The FY18 General Fund operating budget, approved by the Board of Commissioners on September 22, includes about $403.3 million dollars in expenses (this does not include Water System costs since we cover those out of our revenues) as compared with $383.6 M for FY17. This is an increase of $19.7 M. It should be noted that the FY18 budget does not include funding for two line items that were in the FY17 budget – raises for staff and funding for charitable organizations in Cobb. In addition, also unfunded, are operating costs for the new Sewell Mill Library.

Regrettably, revenues from fees and taxes, which would normally be expected to cover expenses, are projected to be about the same in FY18 as they were in FY17. Considering the property reassessments and growth in the County over the past year, this seems surprising. Unfortunately, the expected increase in property tax revenues will be offset by a significant drop in ad valorem taxes, primarily because car taxes are now paid upon purchase rather than annually with tag fees. It’s important to note, because of the County’s Homestead Exemption, a reassessment of owner-occupied housing does not result in an increase in General Fund tax payments (but the Board of Education part of your tax bill, which accounts for about two thirds of the total bill, will go up). What all of this means is that our projected FY18 recurring revenues (from fees and taxes) are about $19.7 M short of our projected expenses.

In order to make up this shortfall, the BOC has decided to use “one-time monies”. These are funds that come from sources that don’t recur annually (taxes and fees) and are generally used to address short-term budget shortfalls. In order to augment FY18 revenues sufficiently to offset the $19.7 M shortfall, the BOC proposes to use $10.4 M from funds set aside previously for implementation of the pay/class study (this actually matches the cost in FY18 of the raises given through the study); $5.8 M from funds set aside from the unusually high car taxes received in the few years after the related law changed – the BOC recognized that we would get a short term windfall and set aside some of that for future use; and $3.5 M from an economic recovery fund that was established as we came out of the recession to assist if the economy took another significant downturn.

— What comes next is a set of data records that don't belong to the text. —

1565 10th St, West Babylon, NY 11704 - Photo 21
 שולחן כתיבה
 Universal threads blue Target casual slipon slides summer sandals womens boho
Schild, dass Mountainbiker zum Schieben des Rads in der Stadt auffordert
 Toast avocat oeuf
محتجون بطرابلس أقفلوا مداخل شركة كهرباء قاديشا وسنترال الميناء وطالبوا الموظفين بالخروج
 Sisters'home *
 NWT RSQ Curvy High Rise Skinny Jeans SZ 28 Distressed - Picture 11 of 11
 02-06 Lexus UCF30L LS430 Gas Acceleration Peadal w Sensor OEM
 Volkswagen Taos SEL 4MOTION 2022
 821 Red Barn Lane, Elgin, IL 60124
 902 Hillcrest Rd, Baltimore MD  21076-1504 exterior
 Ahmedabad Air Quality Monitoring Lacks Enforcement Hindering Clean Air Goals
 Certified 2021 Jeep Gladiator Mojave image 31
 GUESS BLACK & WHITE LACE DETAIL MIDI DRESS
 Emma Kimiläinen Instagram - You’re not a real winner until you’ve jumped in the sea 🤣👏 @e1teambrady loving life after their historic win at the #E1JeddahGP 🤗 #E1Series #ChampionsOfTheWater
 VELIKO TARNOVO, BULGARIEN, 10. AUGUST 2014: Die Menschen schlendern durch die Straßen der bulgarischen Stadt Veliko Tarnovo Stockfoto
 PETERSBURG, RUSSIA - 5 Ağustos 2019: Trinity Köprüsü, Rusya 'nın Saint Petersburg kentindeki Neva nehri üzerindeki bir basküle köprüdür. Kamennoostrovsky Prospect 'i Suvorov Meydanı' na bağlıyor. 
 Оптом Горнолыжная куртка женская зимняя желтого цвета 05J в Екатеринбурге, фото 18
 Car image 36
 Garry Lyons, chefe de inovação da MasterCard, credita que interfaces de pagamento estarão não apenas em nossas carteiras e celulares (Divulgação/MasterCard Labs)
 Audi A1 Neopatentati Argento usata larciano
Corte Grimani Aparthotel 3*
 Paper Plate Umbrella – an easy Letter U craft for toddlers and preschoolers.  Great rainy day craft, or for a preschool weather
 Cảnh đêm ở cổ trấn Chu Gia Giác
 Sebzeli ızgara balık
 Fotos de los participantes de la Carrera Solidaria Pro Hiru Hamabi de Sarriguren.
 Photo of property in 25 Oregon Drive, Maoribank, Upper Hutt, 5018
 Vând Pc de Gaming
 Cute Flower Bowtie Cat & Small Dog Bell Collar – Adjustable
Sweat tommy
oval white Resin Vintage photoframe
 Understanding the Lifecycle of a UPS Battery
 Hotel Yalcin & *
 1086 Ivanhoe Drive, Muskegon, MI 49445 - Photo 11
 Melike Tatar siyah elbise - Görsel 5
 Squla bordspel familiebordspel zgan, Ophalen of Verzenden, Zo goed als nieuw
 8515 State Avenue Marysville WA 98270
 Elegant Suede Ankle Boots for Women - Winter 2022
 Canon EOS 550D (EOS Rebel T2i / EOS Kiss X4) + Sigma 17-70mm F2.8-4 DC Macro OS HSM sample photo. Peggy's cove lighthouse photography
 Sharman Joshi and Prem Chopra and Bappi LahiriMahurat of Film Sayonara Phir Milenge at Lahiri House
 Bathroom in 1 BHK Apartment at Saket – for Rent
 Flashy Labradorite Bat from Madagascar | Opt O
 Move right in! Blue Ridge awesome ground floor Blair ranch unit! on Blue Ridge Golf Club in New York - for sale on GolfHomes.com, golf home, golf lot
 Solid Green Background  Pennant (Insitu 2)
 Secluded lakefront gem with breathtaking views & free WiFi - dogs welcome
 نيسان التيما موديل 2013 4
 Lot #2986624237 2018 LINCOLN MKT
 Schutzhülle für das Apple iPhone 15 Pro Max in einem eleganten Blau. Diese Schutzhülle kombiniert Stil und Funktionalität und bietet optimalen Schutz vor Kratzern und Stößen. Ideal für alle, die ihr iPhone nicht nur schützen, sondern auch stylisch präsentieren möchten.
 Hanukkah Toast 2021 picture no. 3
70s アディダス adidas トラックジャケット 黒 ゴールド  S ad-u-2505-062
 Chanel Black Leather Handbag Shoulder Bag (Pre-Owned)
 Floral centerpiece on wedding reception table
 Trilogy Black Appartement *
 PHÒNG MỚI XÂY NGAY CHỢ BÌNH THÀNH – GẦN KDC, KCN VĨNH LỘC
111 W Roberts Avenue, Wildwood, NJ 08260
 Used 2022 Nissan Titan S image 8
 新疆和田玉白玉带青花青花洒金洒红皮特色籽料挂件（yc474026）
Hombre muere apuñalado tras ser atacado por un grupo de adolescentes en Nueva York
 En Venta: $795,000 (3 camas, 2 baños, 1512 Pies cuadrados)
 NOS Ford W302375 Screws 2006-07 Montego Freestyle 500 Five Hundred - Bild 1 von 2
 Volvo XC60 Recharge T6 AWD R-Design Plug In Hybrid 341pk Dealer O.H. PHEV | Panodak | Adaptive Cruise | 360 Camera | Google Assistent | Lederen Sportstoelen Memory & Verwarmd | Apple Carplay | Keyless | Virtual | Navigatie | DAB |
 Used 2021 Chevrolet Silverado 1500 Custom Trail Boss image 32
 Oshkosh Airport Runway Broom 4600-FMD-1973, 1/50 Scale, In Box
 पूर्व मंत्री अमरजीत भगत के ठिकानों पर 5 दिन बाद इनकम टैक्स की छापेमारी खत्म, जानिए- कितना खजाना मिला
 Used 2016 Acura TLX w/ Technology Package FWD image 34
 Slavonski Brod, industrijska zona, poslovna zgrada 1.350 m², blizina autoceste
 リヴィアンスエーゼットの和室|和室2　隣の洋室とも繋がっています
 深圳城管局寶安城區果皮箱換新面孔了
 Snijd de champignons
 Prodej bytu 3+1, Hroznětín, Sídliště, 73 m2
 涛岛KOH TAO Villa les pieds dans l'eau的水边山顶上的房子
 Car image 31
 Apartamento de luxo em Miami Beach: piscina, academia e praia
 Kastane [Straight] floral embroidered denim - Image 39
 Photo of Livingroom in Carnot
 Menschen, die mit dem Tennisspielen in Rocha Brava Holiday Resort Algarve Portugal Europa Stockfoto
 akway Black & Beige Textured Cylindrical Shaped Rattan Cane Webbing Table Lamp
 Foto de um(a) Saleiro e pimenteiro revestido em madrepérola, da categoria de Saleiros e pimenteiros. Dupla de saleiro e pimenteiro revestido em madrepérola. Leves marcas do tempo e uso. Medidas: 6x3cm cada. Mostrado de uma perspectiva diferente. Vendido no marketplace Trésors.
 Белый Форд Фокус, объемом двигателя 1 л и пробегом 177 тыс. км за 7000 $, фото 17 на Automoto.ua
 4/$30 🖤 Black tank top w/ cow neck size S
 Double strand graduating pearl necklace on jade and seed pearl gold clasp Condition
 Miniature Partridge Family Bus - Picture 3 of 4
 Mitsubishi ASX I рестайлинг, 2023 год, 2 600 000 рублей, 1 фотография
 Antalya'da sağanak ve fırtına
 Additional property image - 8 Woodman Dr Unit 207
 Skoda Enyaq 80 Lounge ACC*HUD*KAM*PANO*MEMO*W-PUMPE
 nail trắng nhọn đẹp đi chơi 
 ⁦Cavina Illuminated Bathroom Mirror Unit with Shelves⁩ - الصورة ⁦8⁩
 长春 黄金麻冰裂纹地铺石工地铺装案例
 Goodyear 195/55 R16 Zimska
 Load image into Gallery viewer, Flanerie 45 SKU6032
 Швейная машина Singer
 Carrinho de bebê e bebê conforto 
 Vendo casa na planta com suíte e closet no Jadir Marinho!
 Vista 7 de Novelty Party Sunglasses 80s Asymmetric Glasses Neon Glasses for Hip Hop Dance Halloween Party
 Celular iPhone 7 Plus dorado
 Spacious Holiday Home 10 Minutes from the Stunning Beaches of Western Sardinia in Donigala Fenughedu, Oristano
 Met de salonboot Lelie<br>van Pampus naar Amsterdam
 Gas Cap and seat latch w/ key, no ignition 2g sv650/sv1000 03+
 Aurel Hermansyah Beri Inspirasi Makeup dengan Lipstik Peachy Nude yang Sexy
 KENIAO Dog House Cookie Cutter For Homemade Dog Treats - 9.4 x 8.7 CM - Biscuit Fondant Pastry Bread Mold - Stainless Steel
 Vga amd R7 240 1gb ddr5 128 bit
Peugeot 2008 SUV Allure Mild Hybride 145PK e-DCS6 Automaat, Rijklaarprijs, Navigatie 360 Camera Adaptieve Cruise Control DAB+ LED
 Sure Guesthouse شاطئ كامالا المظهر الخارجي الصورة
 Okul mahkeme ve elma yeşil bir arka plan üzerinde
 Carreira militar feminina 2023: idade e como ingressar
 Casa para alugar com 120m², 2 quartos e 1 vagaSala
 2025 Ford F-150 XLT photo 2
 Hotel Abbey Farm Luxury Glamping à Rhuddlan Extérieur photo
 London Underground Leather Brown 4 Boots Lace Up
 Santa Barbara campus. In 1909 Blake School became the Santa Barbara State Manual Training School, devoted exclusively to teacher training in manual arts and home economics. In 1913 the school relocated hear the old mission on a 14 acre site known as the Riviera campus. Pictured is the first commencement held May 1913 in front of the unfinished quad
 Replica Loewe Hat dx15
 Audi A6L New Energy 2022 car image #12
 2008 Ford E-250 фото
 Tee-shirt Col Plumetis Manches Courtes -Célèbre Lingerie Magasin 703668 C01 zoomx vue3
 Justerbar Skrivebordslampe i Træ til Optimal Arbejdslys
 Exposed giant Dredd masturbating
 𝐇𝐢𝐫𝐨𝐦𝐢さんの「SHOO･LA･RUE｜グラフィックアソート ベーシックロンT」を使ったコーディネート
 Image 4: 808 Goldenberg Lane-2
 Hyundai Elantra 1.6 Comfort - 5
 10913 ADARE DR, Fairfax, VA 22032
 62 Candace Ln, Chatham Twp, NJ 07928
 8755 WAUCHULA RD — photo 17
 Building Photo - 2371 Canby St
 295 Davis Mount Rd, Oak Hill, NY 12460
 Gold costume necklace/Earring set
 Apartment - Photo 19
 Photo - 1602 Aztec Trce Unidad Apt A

The strategy at the moment is to allow additional requests to the budget to be considered case by case by the BOC during the year. Currently, requests expected are the restoration of funding for charitable organizations, operating costs for the Sewell Mill Library, and funding for additional employee compensation (most likely to take the form of a one percent cost of living raise for those who got no increase from the pay/class implementation). These items may be considered when and if additional funds become available (through increased revenue from fees or similar) or may be covered by the limited amount of onetime monies available. Alternatively, since the FY18 budget is based on the assumption that the millage rate adopted a couple of months ago for FY17 will remain in place for FY18, any approved increases in expenses during FY18 could be offset by a change in the millage rate for FY18 when it is finally adopted next July. (This may seem backwards, but the BOC creates a budget for any fiscal year prior to its beginning on October 1, spends money all year, formally sets the millage rate for the year in July after most of the money has been spent, and then collects the taxes in October that are used to pay for the costs incurred in the year preceding.)

It appears that the County will be able to get through FY18 using the approach outlined above; however, because most available one-time monies are being used to balance the FY18 budget, it appears to me that a sizable millage increase for FY19 will be required if we as a County are to continue to provide an exceptional level of service. I’ll keep you posted.